Work request: Set the listing down again in full, word for word, with the pictures left out.

Collected data:
-- -- --

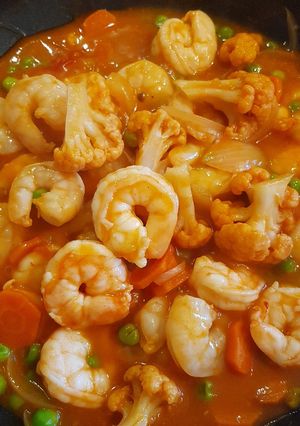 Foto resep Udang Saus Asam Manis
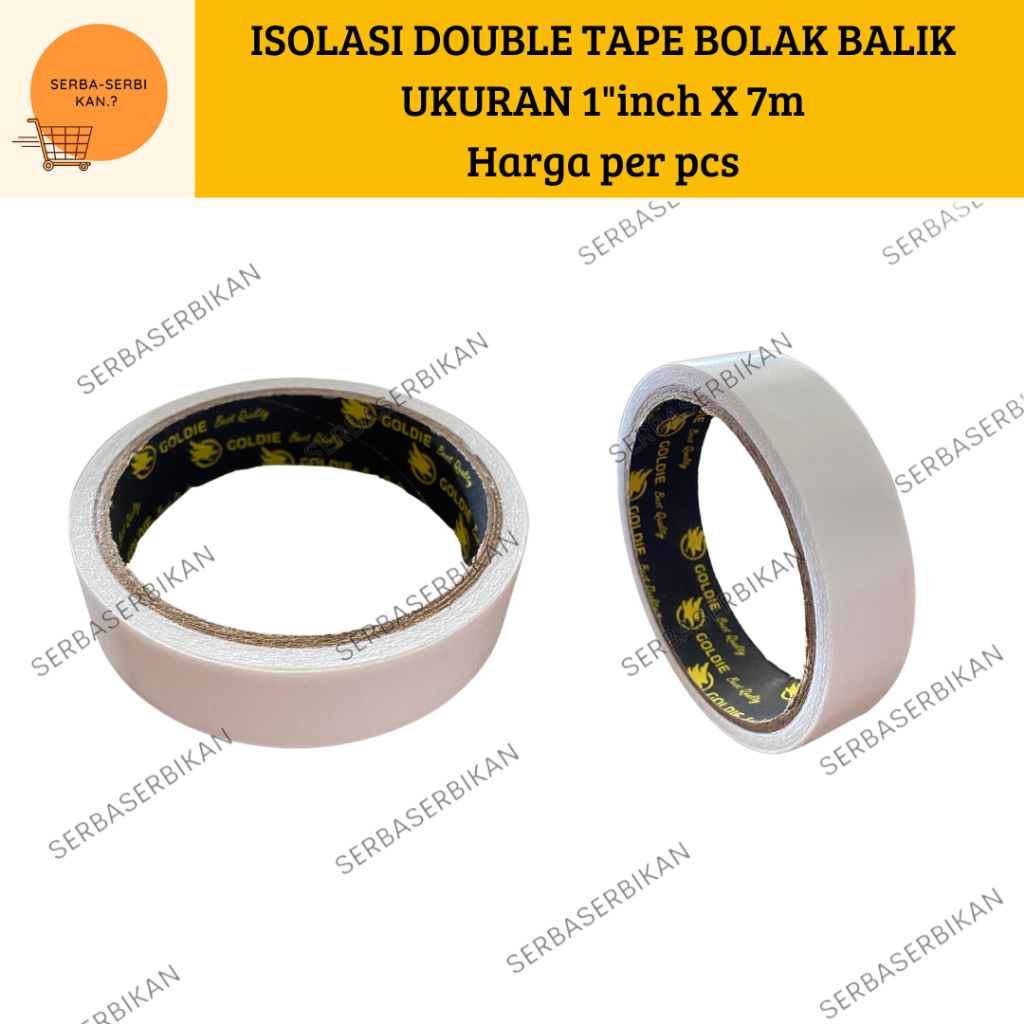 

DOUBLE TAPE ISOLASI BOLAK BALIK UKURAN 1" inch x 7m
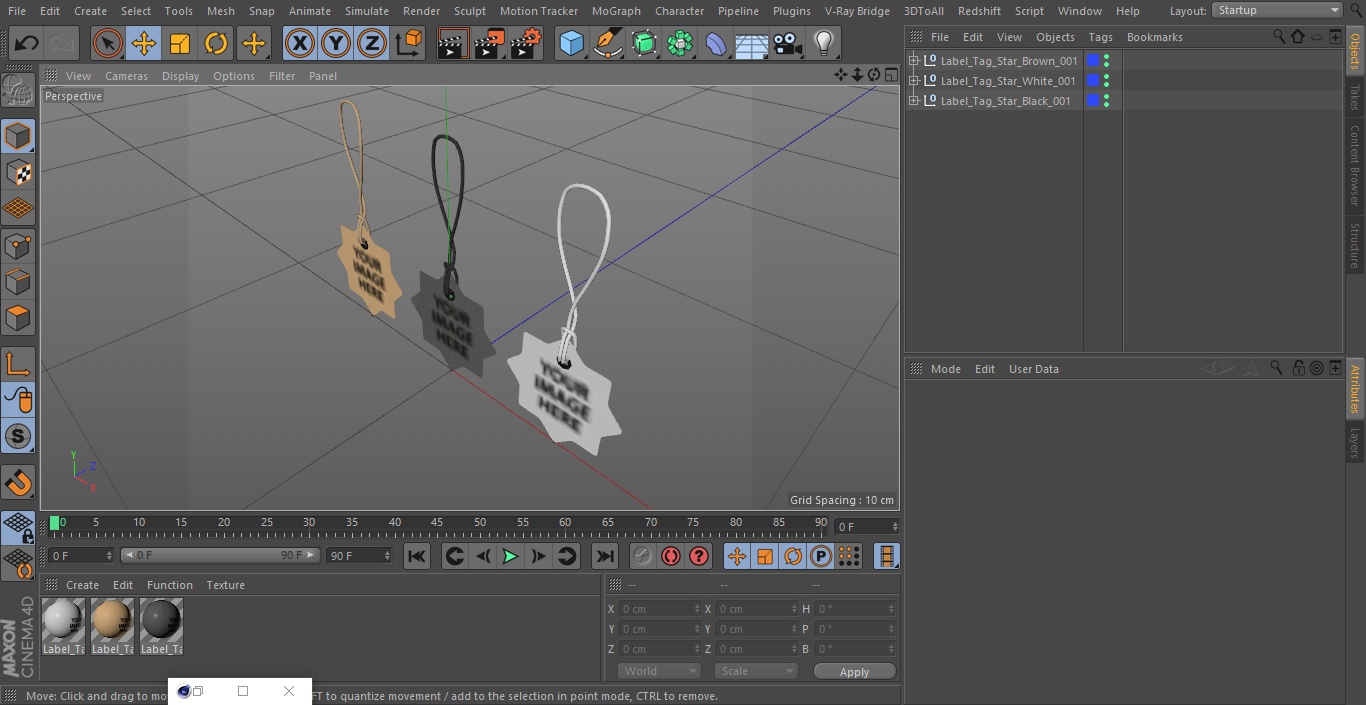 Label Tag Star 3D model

-- -- --

Solution for this problem:
 Foto resep Udang Saus Asam Manis

DOUBLE TAPE ISOLASI BOLAK BALIK UKURAN 1" inch x 7m
 Label Tag Star 3D model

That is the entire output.